Requirement
Exactly and only the lines below from the one containing "Actual product image" down to the one containing "Пистолет для герметиков" are wanted, both included; please exclude every picture.

Records supplied

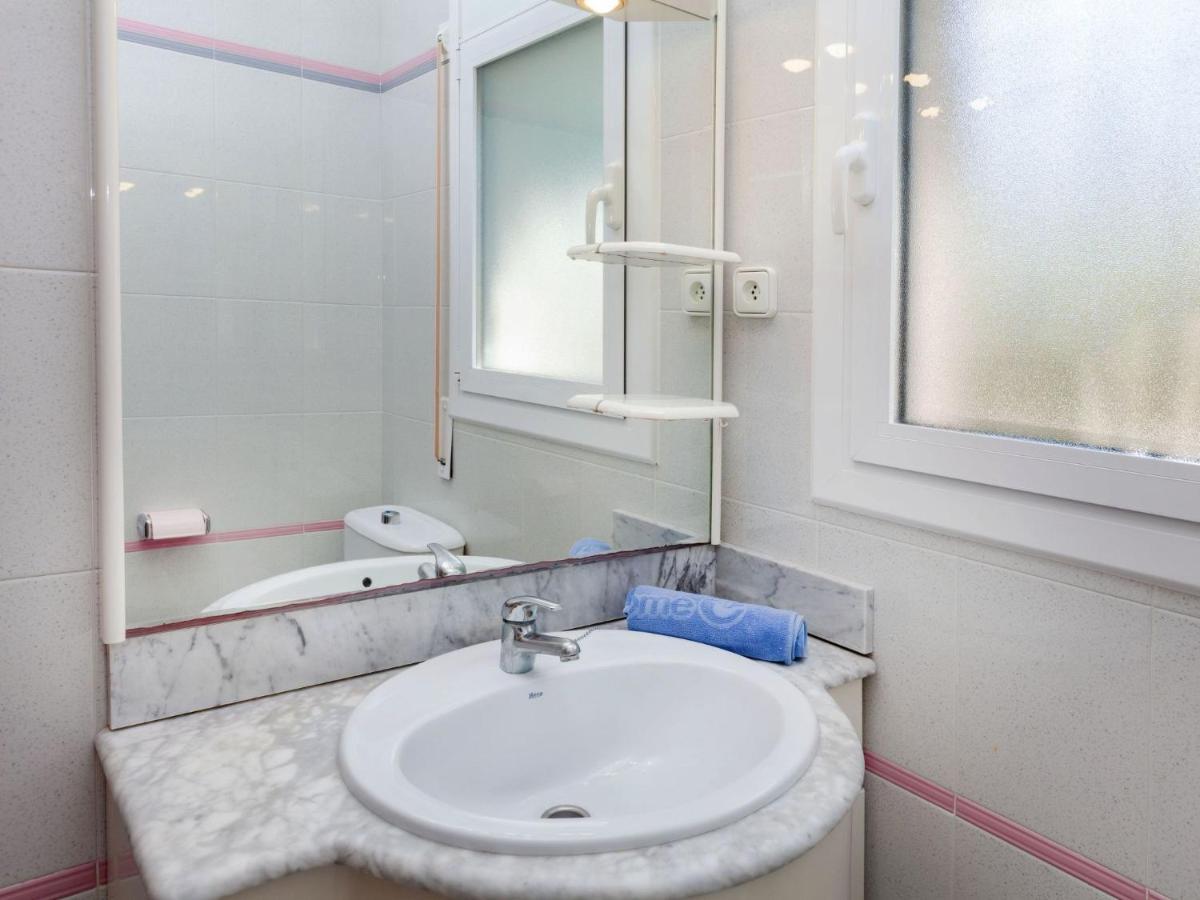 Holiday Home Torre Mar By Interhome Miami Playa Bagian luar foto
* * *
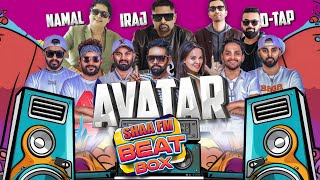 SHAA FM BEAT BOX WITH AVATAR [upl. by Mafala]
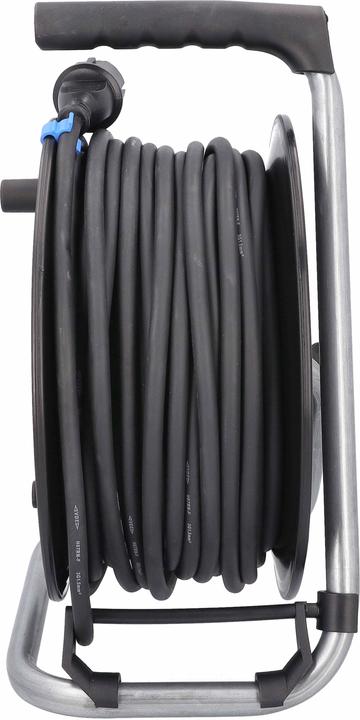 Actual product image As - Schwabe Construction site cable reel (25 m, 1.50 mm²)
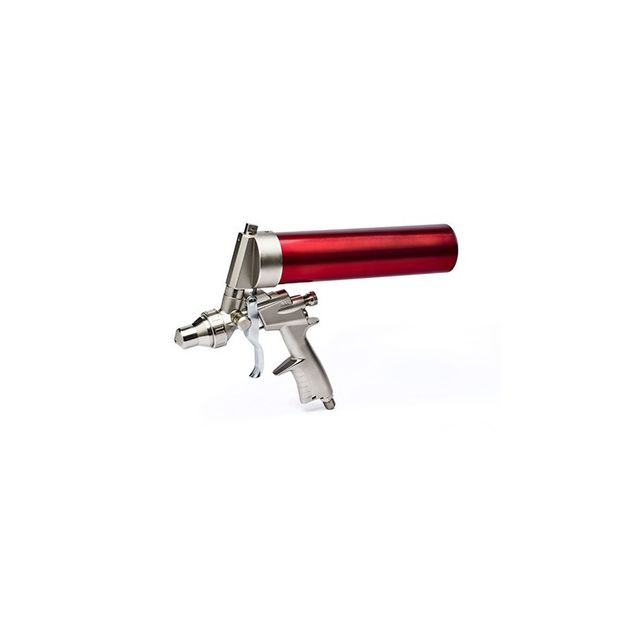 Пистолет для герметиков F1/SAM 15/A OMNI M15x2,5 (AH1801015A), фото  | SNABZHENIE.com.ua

Task solution
 Actual product image As - Schwabe Construction site cable reel (25 m, 1.50 mm²)
 Пистолет для герметиков F1/SAM 15/A OMNI M15x2,5 (AH1801015A), фото  | SNABZHENIE.com.ua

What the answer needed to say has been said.